• Work task
Would you repeat, exactly as given, the line with "MoKo Gommini Auricolari" and every line after it to the end of the entries?

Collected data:
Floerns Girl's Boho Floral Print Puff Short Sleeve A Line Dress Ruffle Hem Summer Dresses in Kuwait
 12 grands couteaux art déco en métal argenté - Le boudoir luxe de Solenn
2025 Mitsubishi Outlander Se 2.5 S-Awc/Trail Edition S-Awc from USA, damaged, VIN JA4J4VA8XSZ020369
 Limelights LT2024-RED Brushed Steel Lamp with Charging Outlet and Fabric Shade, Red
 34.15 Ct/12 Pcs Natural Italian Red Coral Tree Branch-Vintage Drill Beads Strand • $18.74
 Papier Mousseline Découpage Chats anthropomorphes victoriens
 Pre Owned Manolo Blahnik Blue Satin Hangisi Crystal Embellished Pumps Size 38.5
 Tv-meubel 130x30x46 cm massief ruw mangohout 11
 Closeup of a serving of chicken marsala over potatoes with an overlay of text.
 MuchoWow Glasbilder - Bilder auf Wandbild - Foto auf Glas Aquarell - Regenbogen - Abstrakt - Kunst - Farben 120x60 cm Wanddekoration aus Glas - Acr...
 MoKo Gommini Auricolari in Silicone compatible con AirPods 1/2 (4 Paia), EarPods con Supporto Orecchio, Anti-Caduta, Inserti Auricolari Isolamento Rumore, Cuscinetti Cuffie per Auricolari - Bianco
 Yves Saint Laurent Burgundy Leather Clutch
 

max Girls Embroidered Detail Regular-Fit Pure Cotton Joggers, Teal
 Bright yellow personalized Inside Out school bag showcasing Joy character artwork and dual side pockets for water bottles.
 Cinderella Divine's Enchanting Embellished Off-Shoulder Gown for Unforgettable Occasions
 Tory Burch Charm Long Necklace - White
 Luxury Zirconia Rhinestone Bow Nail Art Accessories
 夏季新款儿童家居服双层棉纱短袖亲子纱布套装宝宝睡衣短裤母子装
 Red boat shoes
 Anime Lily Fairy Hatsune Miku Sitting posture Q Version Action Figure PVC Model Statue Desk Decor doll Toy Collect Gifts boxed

• Your solution
 MoKo Gommini Auricolari in Silicone compatible con AirPods 1/2 (4 Paia), EarPods con Supporto Orecchio, Anti-Caduta, Inserti Auricolari Isolamento Rumore, Cuscinetti Cuffie per Auricolari - Bianco
 Yves Saint Laurent Burgundy Leather Clutch
 

max Girls Embroidered Detail Regular-Fit Pure Cotton Joggers, Teal
 Bright yellow personalized Inside Out school bag showcasing Joy character artwork and dual side pockets for water bottles.
 Cinderella Divine's Enchanting Embellished Off-Shoulder Gown for Unforgettable Occasions
 Tory Burch Charm Long Necklace - White
 Luxury Zirconia Rhinestone Bow Nail Art Accessories
 夏季新款儿童家居服双层棉纱短袖亲子纱布套装宝宝睡衣短裤母子装
 Red boat shoes
 Anime Lily Fairy Hatsune Miku Sitting posture Q Version Action Figure PVC Model Statue Desk Decor doll Toy Collect Gifts boxed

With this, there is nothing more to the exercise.